Monday, October 19, 2009

Klaus crumbling...*** still holding out

From The Times:
The last man resisting the European Union’s Lisbon treaty indicated yesterday that he was ready to relent, admitting that he could not stall long enough to give David Cameron the chance to call a British referendum.

Vaclav Klaus, 66, the Eurosceptic President of the Czech Republic, said that while he was personally against the treaty, it had become like an unstoppable train after being ratified in all 26 other EU countries.

The President confirmed that Mr Cameron had suggested to him that he hold out until the next British election because, if the Conservatives won, they would put the treaty to a referendum with the intention of sinking it.
I’ve been told this morning Klaus actually isn't "the last man resisting"; there is a semi-autonomous region of a normally pretty EU-phile country still holding out against the Eurocrats and refusing to sign it off. Which means that their central government,amongst the first to sign off Lisbon, shouldn't have done so on behalf of the whole nation. True to form, the Brussels hierarchy are treating it as an internal national matter rather than querying the constitutional validity of the original "yes" descision

Anyone know the name of the region in question?

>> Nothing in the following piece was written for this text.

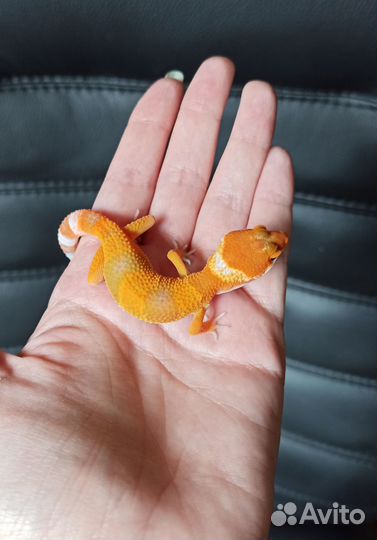 Эублефар blood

Couple of clues; as I said before, it is part of a nation which (although one of its close neighbours did once give Brussels a bloody nose on another matter) is one of the more positive EU members. The region in question isn't one of the usual separatist awkward crew. Finally, the region's problem isn't with Lisbon per se, more the dissatisfaction has arisen from purely local issues such as fishing rights.
Any ideas?

5 comments:

Keith Ruffles said...

This is a wild stab in the dark - could it be the Åland Islands?

Chekov said...

The Lisbon Treaty was the subject of our detailed discussions. On the one hand, I want to say that I see no reason to send a major signal to the EU from Moscow concerning what my next steps might be. Of course I cannot say anything new about this here. No reasonable person would expect me to do otherwise.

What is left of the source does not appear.